Protecting data before sending to Kafka

What is Kafka

Kafka is a distributed streaming platform that is used for building real-time data pipelines and streaming applications

It uses a publish-subscribe messaging model where data is produced by producers and consumed by consumers. Producers write data to Kafka topics, and consumers read data from those topics.

Risk of data leaking

In order to make sure data is sent to consumers , the data is cached at Kafka. This creates a risk of leaking. The risk is considered acceptable when Kafka infrastructure runs on-premises. The risk increases when Kafka infrustructure runs on public cloud. It further increases when using a SaaS Kafka.

Ideally the team running the Kafka platform should not be responsible for this risk. Instead, producers shoud be encouraged to encrypt data before it is sent to Kafka.

Complications

So it is now Kafka producers and consumers responsiblity to encrypt and decrypt the data. This is not easy.

In order to do data encrypt and decrypt operations, applications need a shared Data Encryption Key, and single use only nonce or IV between encryptor and decryptor, if they are shared without protection, then data is at risk of leaking. Protection means many things, including frequent rotation and encryption in transit and at rest.

The Encryption Algorithm is also an important factor to consider. Producers and consumers need to share the same arlgorithm and mode. Not all languages have mature encryption libraries accross all arlgorisms and modes.

With those difficulties and limitations, letting application teams do encryption and decryption by themselves is costly in the long run.

Solutions

HashiCorp Vault supports many ways of encryption, including Transit, Format Preserving Encryption, and Tokenisation. Each one is suited for different use cases.

Vault transit secret engine can be considered a general purpose Encryption as a Service that is easily accessible via API calls. Applications can send plaintext data to a Vault end point for encryption, or ciphertext for decryption, without the need to access the DEK or encryption arlgorithm and mode.

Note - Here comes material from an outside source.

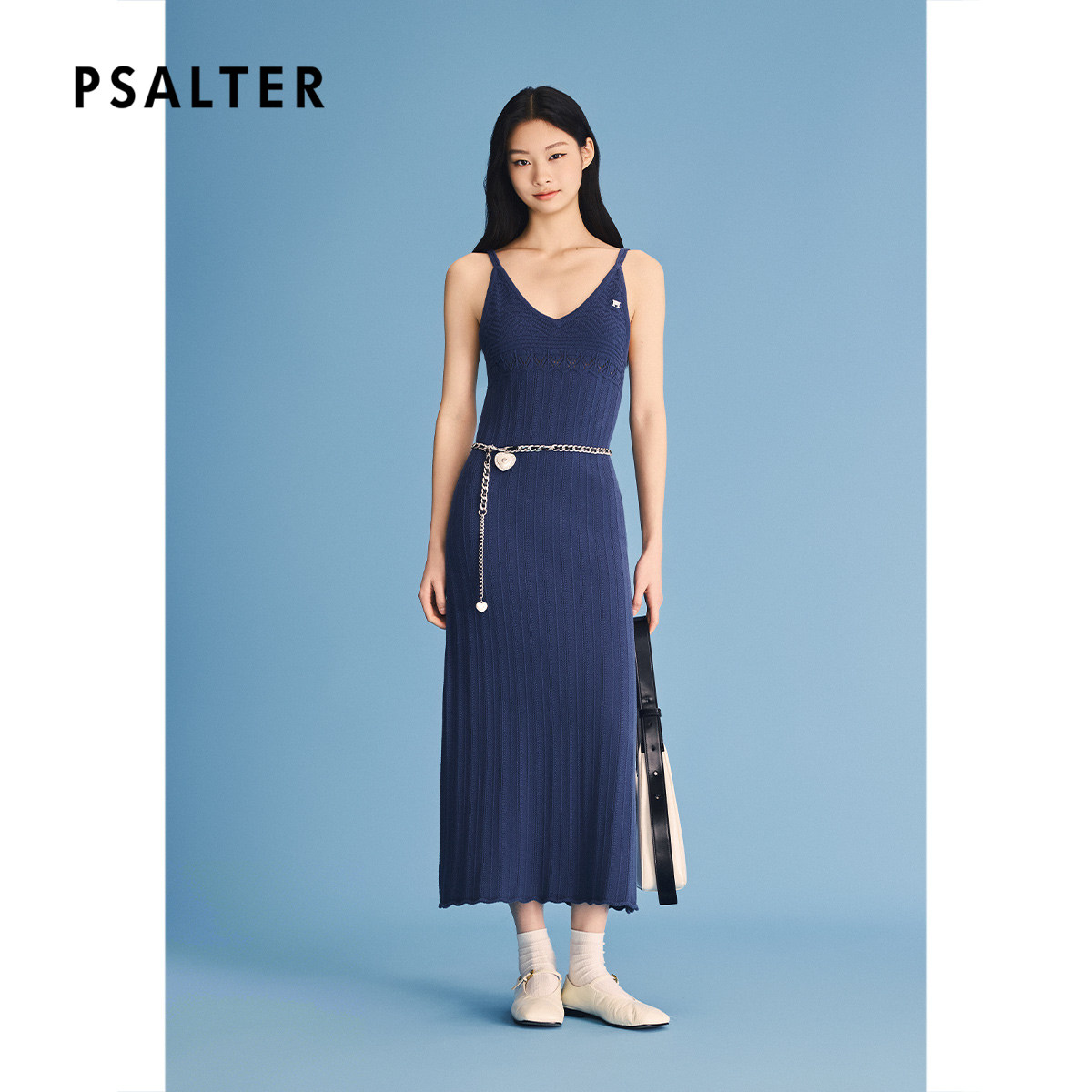 PSALTER诗篇复古镂空提花修身包臀吊带连衣裙2026夏季新款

Format Preserving Encryption operates in a similar fashion and is designed to encrypt the data while keeping data format intact.

demo setup

The demo code that follows allows you to setup Kafka Producers using Vault for Encryption as a Service. The examples provided show both transit encrption and format preserving encrption and demonstrate that without much trouble applications teams can leverage Vault as their EaaS provider consistently on any cloud, or with any platform.

setup confluent

Go to confluent and sign-up a free account. During the registraiton process, make sure select "developer" as your job role. Developers get access to free trial without exipry as long as only one Kafka cluster is used.

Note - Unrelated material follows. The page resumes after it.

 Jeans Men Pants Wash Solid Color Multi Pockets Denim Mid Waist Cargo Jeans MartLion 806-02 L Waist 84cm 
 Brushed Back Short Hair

Once logged in, create a Cloud API key with global access, and setup enviroment variables:

export CONFLUENT_CLOUD_API_SECRET=<your secret>
export CONFLUENT_CLOUD_API_KEY=<your key>

Get into the terraform subdirectory and do the terraform dance:

terraform init
terraform plan
terraform apply 

The terraform code will setup the confluent enviroment/cluster/topics that are necessary for the demo.

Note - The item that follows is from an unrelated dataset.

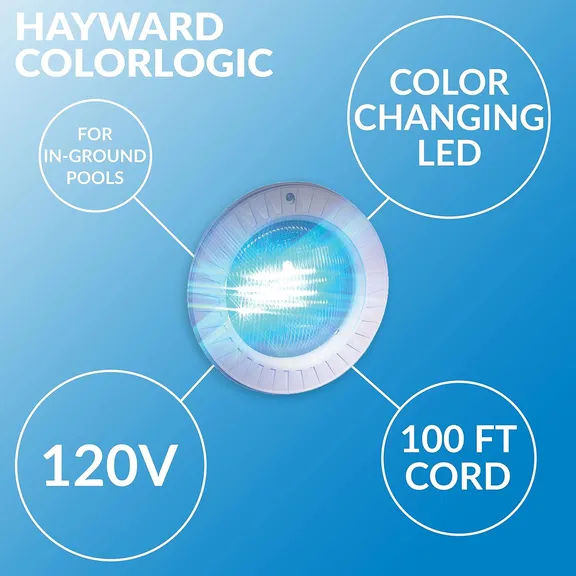 Hayward ColorLogic 4.0 LED Light, 120V, with 100-Ft cord, Pool Light, Plastic Face Rim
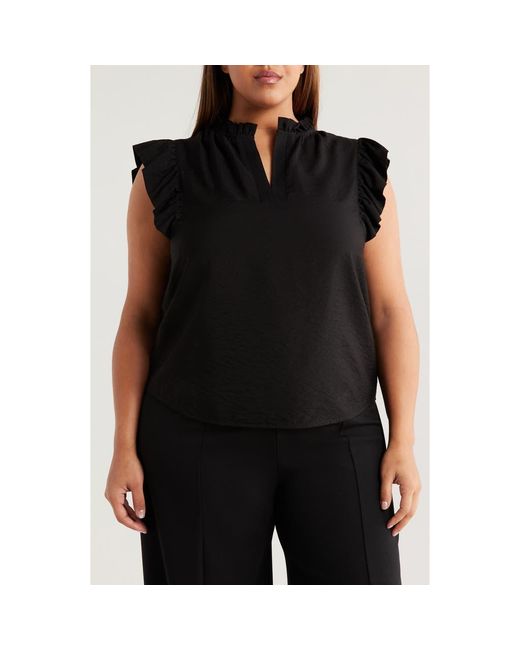 Anne Klein Black Textured Flutter Sleeve Woven Top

You can find the cluster URL from confluent_kafka_cluster.demo resource, and API key and secret from confluent_api_key.app-manager-kafka-api-key. You need those information later.

setup Python enviroment

Install python3, pip and virtual enviroment manager, then setup all dependencies:

python3 -m pip install -r requirements.txt

setup demos

Rename getting_started.ini.orig to getting_started.ini and update the URL to Kafka cluster, API key and API secrets.

Demo cases

demo 1, Confluent admin can see messages on topic

Login to (confluent.cloud), open the 'purchase' topic, and click 'messages' tab to view messages on the topic.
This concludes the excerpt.